First and foremost, always budget. No. 2, you hear a lot of negativity toward development within close-in metropolitan areas of D.C. or Baltimore. People are getting concerned at the size of some of these infill designs. Our goal and challenge is make them more compatible, bringing the scale and proportion of these new homes down so that the neighbors feel good about it and their life and their openness is being respected so that they don't feel they are being built on top of. And there are new amenities that people are looking for in these new homes and they don't want to give them up. It's up to us to make them fit properly. What do people want in a home today, and how do you achieve that with your work?
They want it to function for them, as a family, as an individual. For example, upstairs family rooms are becoming popular, as a place where children or young adults can hang out and watch TV with some of their friends. Kids will have a couple of friends over; they are playing games on their computer. But over time that space can then become a swing space, it can become a homework area, it can become Dad's office or it can become a small sitting room. They are looking for command center areas on the first floor, often for Mom. It's a multipurpose area that can have mudroom capabilities; there might be a big Price Club-type pantry space where you can put all of your big packages. And then there's also a big desk area, where all of the mail gets put. It might be Mom's office area; she can have a bulletin board for the kids' assignments for homework. There might be a nice big bench, lockers. There might be an additional sink in there or an informal powder room there, so that when the kids come in from play, that's where they've got to drop their stuff.
Dressing areas in master bedroom suites. In the '80s and '90s there was a trend toward very large master bedroom areas. What we are trying to do now is make them more intimate, save some square footage, get the furniture out of that bedroom space. The big pieces of furniture are going into closets or more toward the bathroom. People love built-ins. Media rooms and exercise rooms are very popular. You can spend $5,000, you can spend half a million dollars on a media room. In what direction is architectural design of homes headed?
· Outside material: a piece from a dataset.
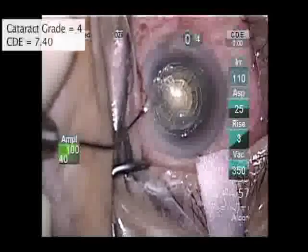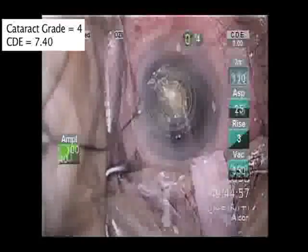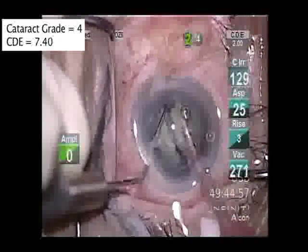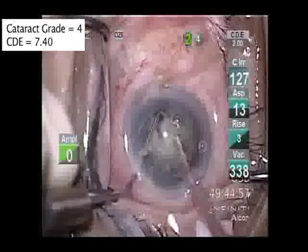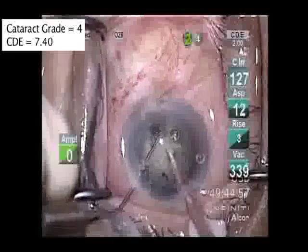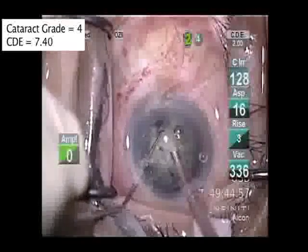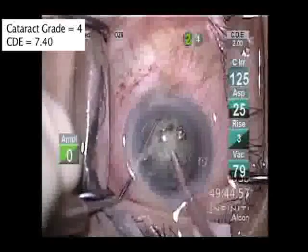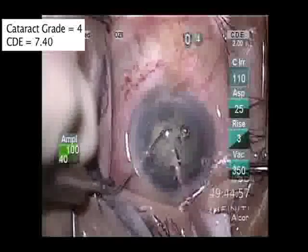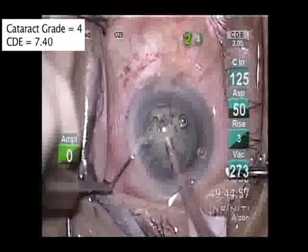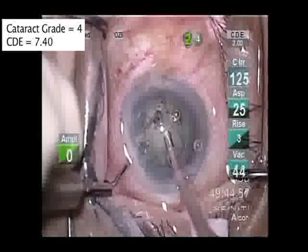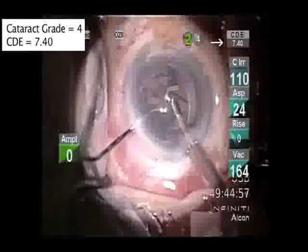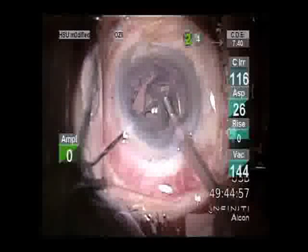In the second case, a grade 4 cataract has also been treated with the PIE algorithm. The lens is easily chopped into two halves and the fragmented pattern can be seen to aid the rapid breakup of the nucleus with the assistance of the chopper. The case is completed with very low ultrasound energy, the CDE value being 7.4.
I think things are trending more toward smaller homes. They're not making any more land out there. You make things as compact as possible, with as little wasted space as possible. You keep smaller spaces open from, say, a hallway into a room, so that it can be flexible -- if you are entertaining and if you want to extend the dining room table into the hallway a little bit, you can do that. That great room with the kitchen and breakfast area being so open makes it feel bigger. We have more custom details, and that is making those rooms a little more special: crown moldings, beams, columns. They are taking the formal spaces away and putting more space toward the informal. What rooms or spaces do you believe will fall by the wayside?
Living rooms, I think, are really going by the wayside. I think you are going to see more houses with one-car garages as opposed to two-car garages. We are seeing a trend toward that in close-in areas. Big, graceful foyers that were pretty predominant in the '80s and '90s -- that big statement where you come in the front door -- those two-story spaces are really passe. But you are doing wonderful ceiling detail. Most of the homes are being built with 9- or 10-foot ceilings, and 8-foot was the standard for years. If you are doing [details], let's make it more efficient and more intimate. ... We're doing a house now that actually has a motor on the chandelier: It goes up and down so you can clean it. We are fixing the house; it was designed by someone else. [The chandelier] was about 19 feet [up]. And laundry rooms are upstairs. They're not in the basement anymore. What are some of the key elements undergoing rapid change these days?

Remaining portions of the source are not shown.